目覚ましのない朝を終えて、怠惰の昼に起床する。隣を見ると、彼女がまだ眠っていた。
起こさないようにそっとベッドを抜け出し、顔も洗わずにキッチンへ立つ。
どれだけ眠くても腹は減るし、腹が減れば飯を作らなければいけない。人間は面倒だ。生きることは、面倒くさい。
「わたしもたべる」
寝ぼけた顔の彼女がキッチンに顔を出した。返事もせずに、トースターにパンを二枚突っ込む。
それから、コーヒーをつくる。食べなくても飲まなくても死ぬなんて、人間はなんて生きにくいんだろうか。
シャツ一枚の彼女の爪先を見ながらご飯を食べた。なにも塗っていない真っ白の爪が綺麗だと思った。

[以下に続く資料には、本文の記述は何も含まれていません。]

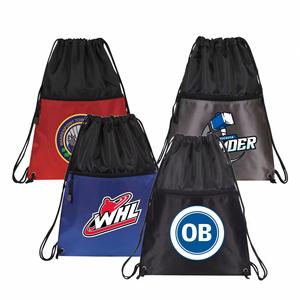 Customized Logo Fashion Style Gym <b>Drawstring</b> Bag Waterproof Polyester Sports <b>Drawstring</b> <b>Backpack</b> Bag - Product Image 5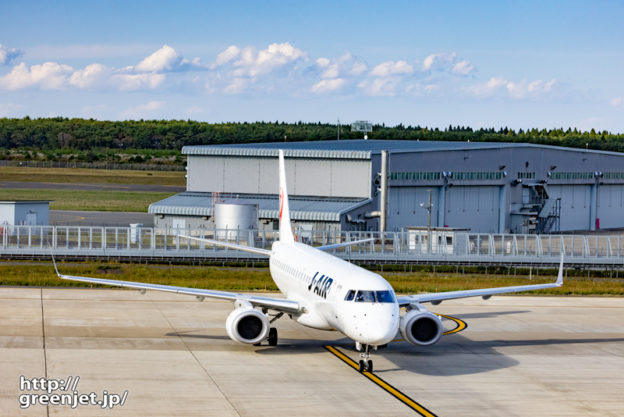 【三沢の飛行機撮影ポイント】送迎デッキ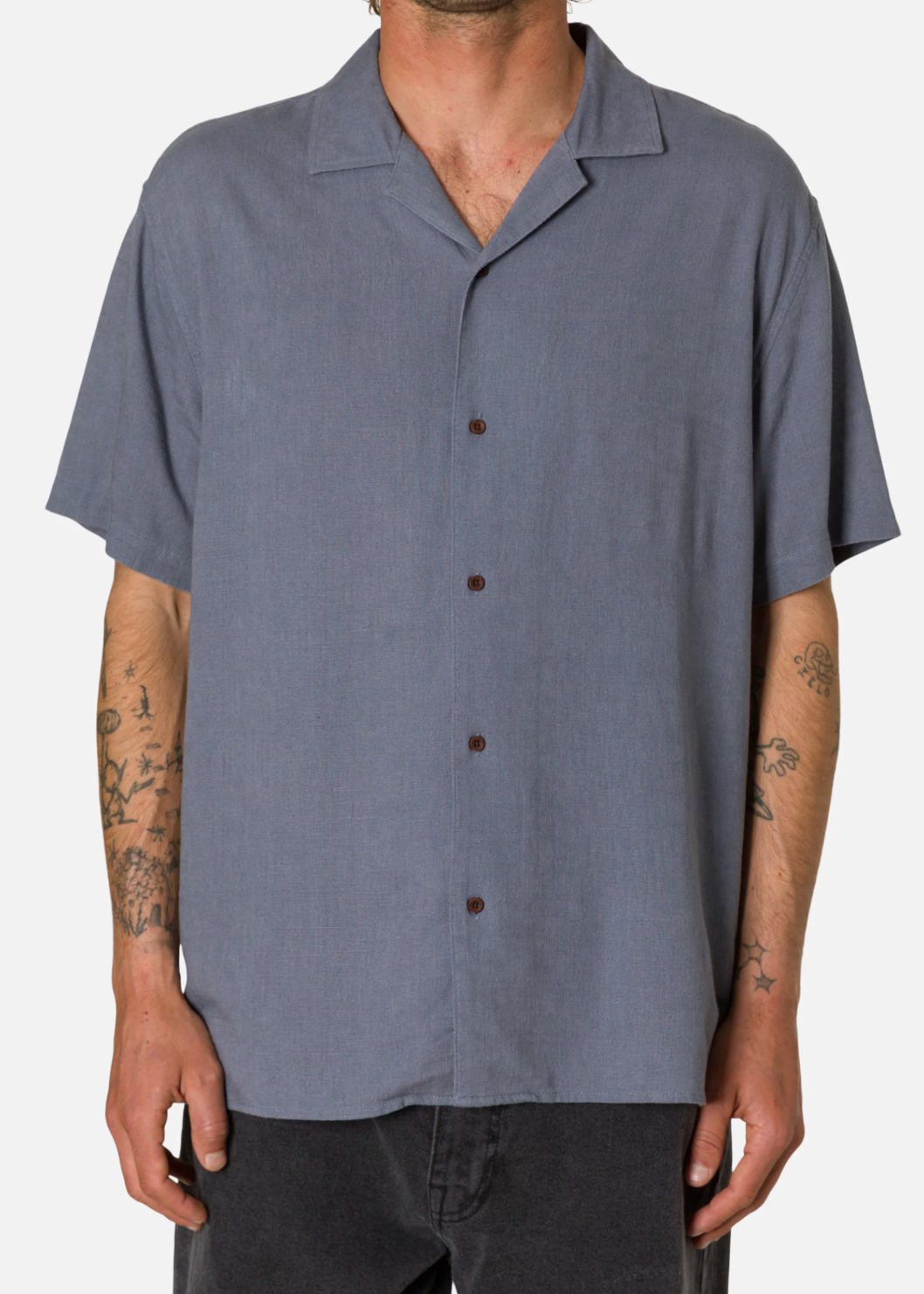 Teller Shirt - Tempest Blue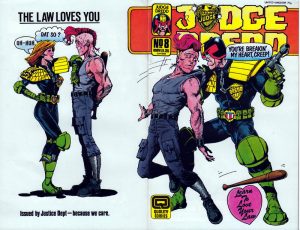 Judge Dredd #8 (43) (1987)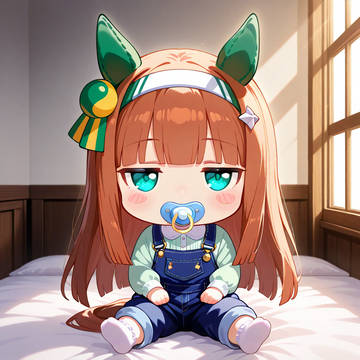 サイレンススズカ… ジトレンスバブカ…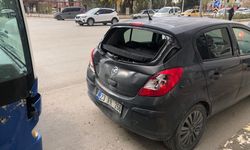 TRAFİK KAZASI: 2 YARALI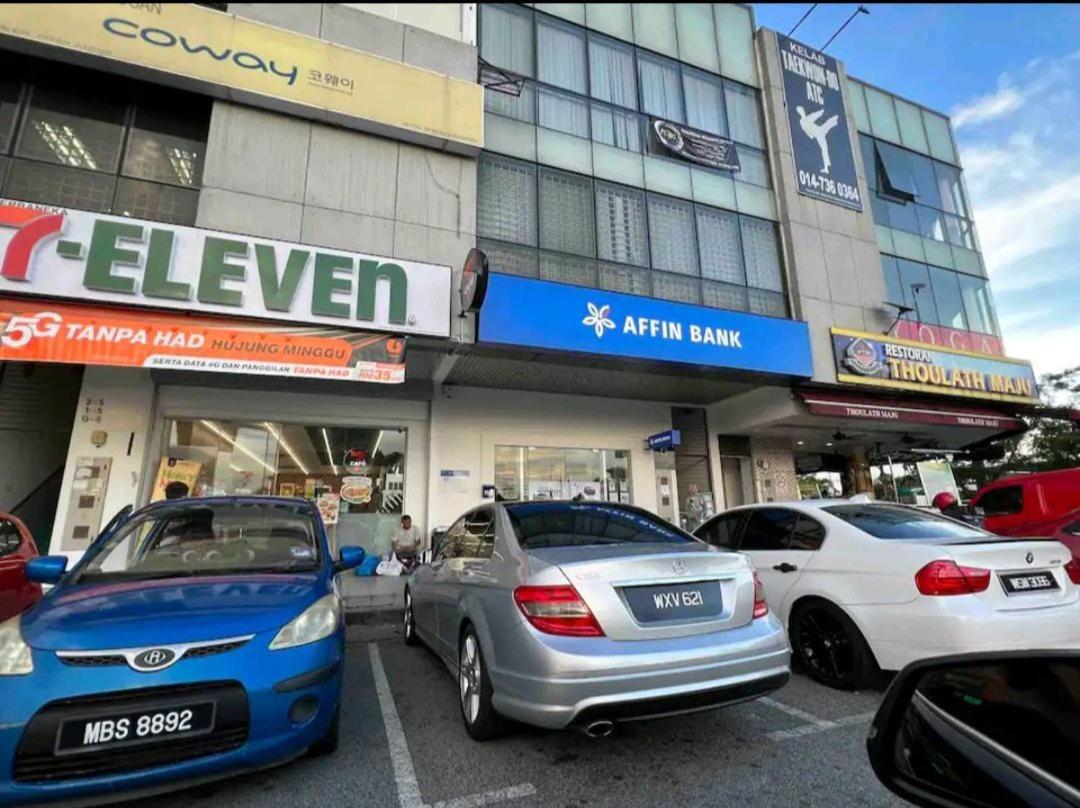 Ayden Hostel Airport Transit - Klia سيبانغ المظهر الخارجي الصورة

会話どころか、目が合うことすらないまま、パンを食べ終わった。そうして彼女が、パン屑にまみれた手を払いながら、
「このままじゃ、いけないね」
眠そうな目のままで、言った。
返事をする暇なんてなかった。即座に立ち上がった彼女が一瞬で僕を蹴り倒して、まばたきひとつを終える頃には、もう僕は彼女に跨がられていた。
「痛いよ」
受け身をとれずにぶつけた後頭部が痛い。
「凄く、痛い」
「じゃあ、死ねば?」
彼女らしい言い分だった。相変わらず意味がわからない。
「生きるのが面倒くさいなら、もうやめたら?」
「死ぬのも面倒くさいよ」
「どうするの?」
「殺してよ」
「いいよ」
彼女の人より冷たい手が僕の首にかかる。一切の躊躇なく、締め付けられた。
どこかずれてるような、半音下がりの日々が終わる。
喜ぶべきはずなのに、どうして、
「どうして泣いてるの?」
きっと君にはわからない。そして僕もわからなかった。
死ぬことよりも、君と離れることのが怖いなんて。